Lines from the records below that contain the word "with" are to be copied out.
[Opening INFORMATION section]
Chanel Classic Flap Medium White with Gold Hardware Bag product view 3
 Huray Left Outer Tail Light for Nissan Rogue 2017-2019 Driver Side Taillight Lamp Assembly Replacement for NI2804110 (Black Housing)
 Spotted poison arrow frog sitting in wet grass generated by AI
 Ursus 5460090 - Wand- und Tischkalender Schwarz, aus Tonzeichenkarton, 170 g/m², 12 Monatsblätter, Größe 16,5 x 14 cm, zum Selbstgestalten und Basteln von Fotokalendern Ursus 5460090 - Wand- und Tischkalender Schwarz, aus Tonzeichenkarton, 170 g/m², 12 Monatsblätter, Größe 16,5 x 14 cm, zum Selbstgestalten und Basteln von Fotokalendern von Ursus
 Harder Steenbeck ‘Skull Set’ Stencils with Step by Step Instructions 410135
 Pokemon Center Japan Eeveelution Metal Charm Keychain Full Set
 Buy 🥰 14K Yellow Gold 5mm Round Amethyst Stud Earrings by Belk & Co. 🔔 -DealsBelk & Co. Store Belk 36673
[Closing INFORMATION section]
* **EXERCISE ANSWER**:
Chanel Classic Flap Medium White with Gold Hardware Bag product view 3
 Harder Steenbeck ‘Skull Set’ Stencils with Step by Step Instructions 410135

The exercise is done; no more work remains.